France players celebrate winning the World Cup in 2018. FIFA’s plans to stage the tournament every two years look doomed to failure
The head of global footballers’ union FIFPro is confident a plan to hold the men’s World Cup every two years is “dead in its tracks” and insists FIFA should do more to promote the women’s version instead.
FIFA will hold a summit in December with president Gianni Infantino still hoping to find consensus on plans to stage the men’s tournament more often than the current four-year cycle.
However, opposition has been so widespread from leagues, players and supporters groups that the chances of a biennial World Cup actually happening appear remote.
“There has been a lot of pushback. They have realised that,” FIFPro’s general secretary Jonas Baer-Hoffmann told AFP about FIFA’s proposals.
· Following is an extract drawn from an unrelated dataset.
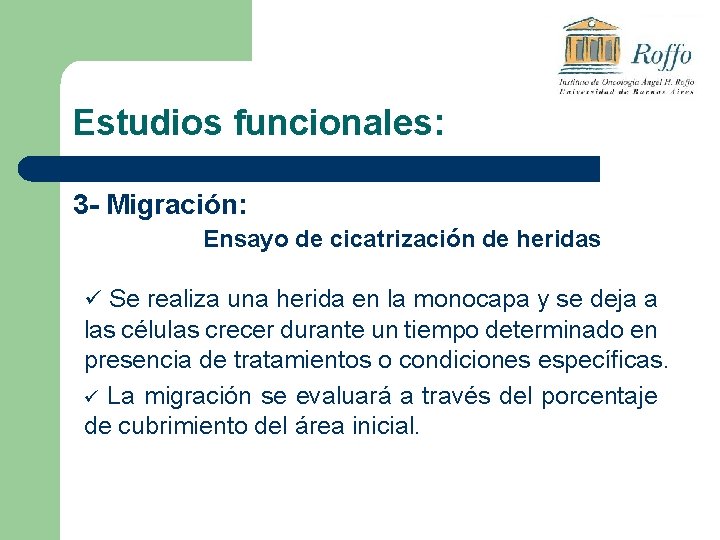 Estudios funcionales: 3 - Migración: Ensayo de cicatrización de heridas ü Se realiza una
“It is quite clear that if you try to push this through against the interests of all these other stakeholders, and without their agreement, it is probably dead in its tracks.”
FIFPro, comprised of national member associations from 64 countries, is one of several organisations within football that has expressed unhappiness at a lack of consultation on the issue.
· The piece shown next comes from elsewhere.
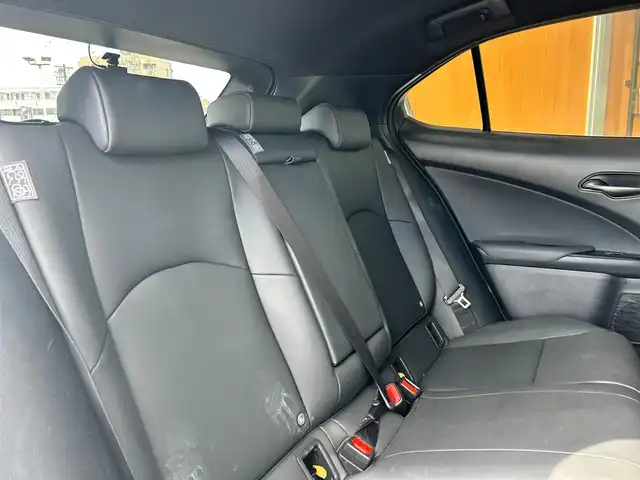 レクサス ＵＸ 富山県 2021(令3)年 1.7万km パール ワンオーナー/セーフティシステム＋/純正SDナビ/フルセグTV/Bluetooth接続/USB接続/AM/FMラジオ/Miracast/バックカメラ/360°カメラ/前後ドラレコ/BSM/D/N席パワーシート/D/N席シートヒーター/ヒートステアリング/オートホールド/アイドリングストップ/プッシュスタート/パワーバックドア/ACC/盗難防止/横滑り防止/衝突軽減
The proposals were put forward by Arsene Wenger, FIFA’s head of global development.
Baer-Hoffmann questioned whether holding more frequent World Cups would be sustainable economically, but said there is already a solution in place.
“When we met with FIFA for the first time, we asked them for the economic analysis, we haven’t seen that yet. I don’t think a second World Cup would just mean the current revenue times two. It’s not like you just double the value in sponsorship etcetera.
“The truth is also that there are two World Cups in every four-year cycle already. We should make the women’s one more of a priority. That is your second World Cup.”
The World Cup is expanding regardless in another way — the men’s version to 48 teams from 2026 and the women’s to 32 teams from 2023.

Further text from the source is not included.